** YOUR TASK **
Copy out each line of the material that includes the word "with".

<<<<

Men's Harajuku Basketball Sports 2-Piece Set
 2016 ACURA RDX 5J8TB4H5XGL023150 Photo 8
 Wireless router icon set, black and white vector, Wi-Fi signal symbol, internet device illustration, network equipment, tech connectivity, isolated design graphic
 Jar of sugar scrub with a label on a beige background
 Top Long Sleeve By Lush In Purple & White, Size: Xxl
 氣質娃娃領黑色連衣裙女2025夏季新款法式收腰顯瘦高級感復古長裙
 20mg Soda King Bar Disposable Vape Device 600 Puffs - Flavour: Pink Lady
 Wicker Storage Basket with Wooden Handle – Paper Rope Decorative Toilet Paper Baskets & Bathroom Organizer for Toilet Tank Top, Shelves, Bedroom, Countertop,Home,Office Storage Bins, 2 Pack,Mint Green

>>>>

** REPLY **
 Jar of sugar scrub with a label on a beige background
 Wicker Storage Basket with Wooden Handle – Paper Rope Decorative Toilet Paper Baskets & Bathroom Organizer for Toilet Tank Top, Shelves, Bedroom, Countertop,Home,Office Storage Bins, 2 Pack,Mint Green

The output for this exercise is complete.